Provided records:

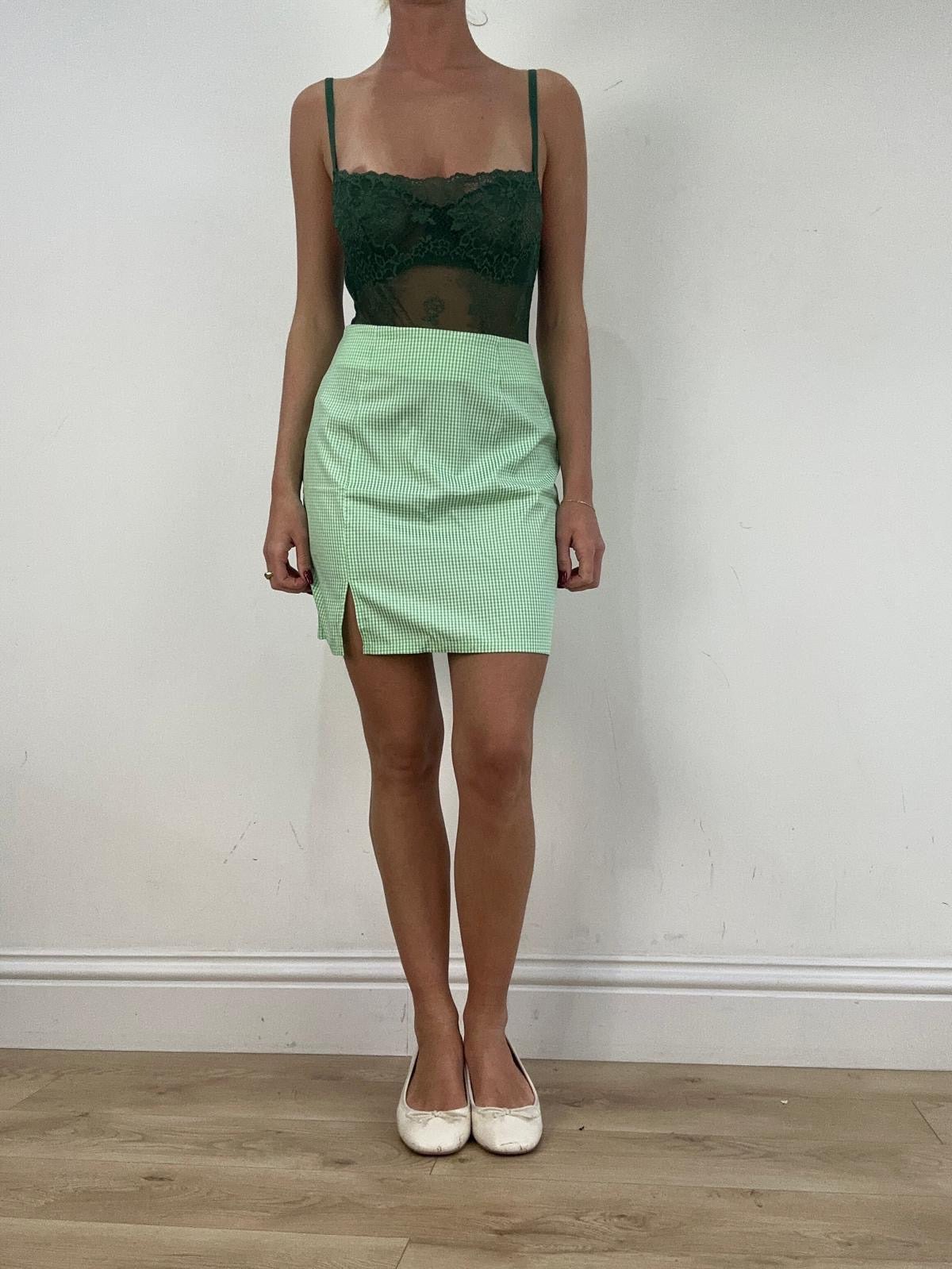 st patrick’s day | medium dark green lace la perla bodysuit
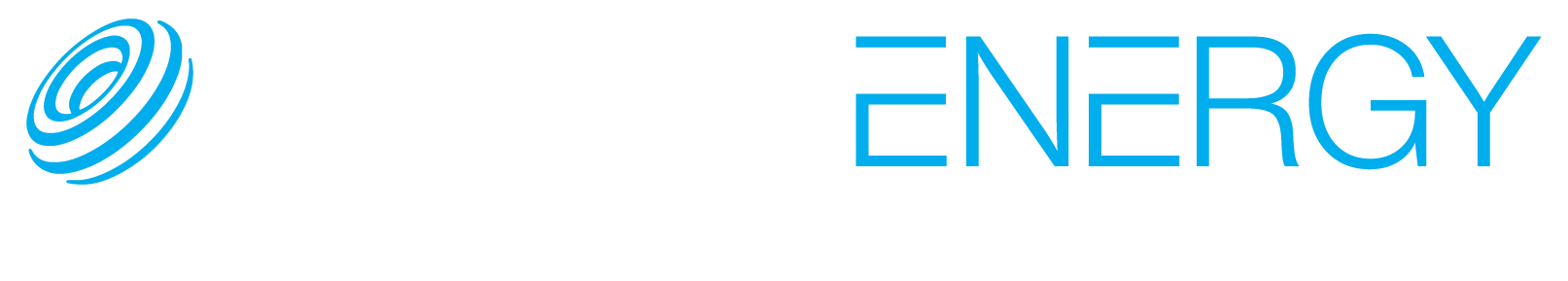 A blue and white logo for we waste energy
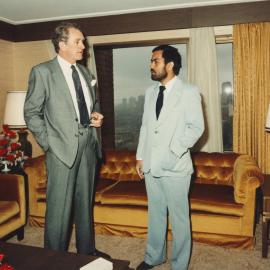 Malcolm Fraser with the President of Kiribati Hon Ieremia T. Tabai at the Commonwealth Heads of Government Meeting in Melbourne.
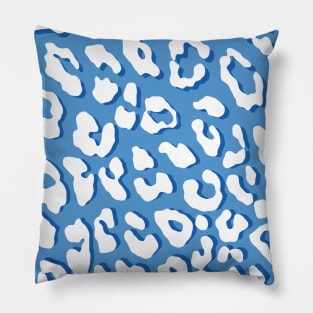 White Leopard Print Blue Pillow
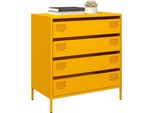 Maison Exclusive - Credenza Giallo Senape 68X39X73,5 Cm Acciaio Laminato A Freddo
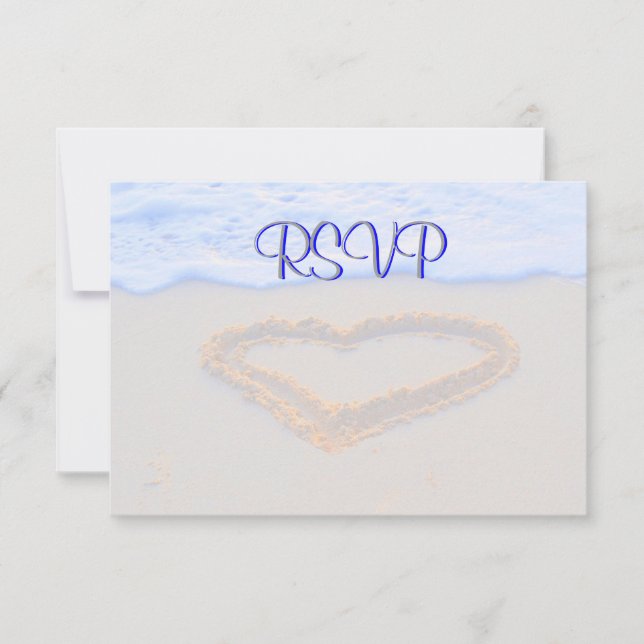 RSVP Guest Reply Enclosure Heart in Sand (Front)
...
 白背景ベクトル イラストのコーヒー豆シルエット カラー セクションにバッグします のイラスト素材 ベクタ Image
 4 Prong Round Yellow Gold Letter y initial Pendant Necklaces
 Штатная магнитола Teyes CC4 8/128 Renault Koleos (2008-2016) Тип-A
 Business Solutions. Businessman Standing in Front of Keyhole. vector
...
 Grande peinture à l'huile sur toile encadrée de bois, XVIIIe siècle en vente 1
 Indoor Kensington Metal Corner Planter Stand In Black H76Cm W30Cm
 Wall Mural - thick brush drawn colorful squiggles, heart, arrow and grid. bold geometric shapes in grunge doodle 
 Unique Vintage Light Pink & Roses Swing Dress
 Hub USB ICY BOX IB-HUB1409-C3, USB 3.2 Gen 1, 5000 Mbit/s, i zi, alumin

Task to complete: Which lines run from the one holding "Wall Mural - thick" through the one holding "Hub USB ICY" in the records above? Repeat them exactly, both included, and nothing more.

Answer:
 Wall Mural - thick brush drawn colorful squiggles, heart, arrow and grid. bold geometric shapes in grunge doodle 
 Unique Vintage Light Pink & Roses Swing Dress
 Hub USB ICY BOX IB-HUB1409-C3, USB 3.2 Gen 1, 5000 Mbit/s, i zi, alumin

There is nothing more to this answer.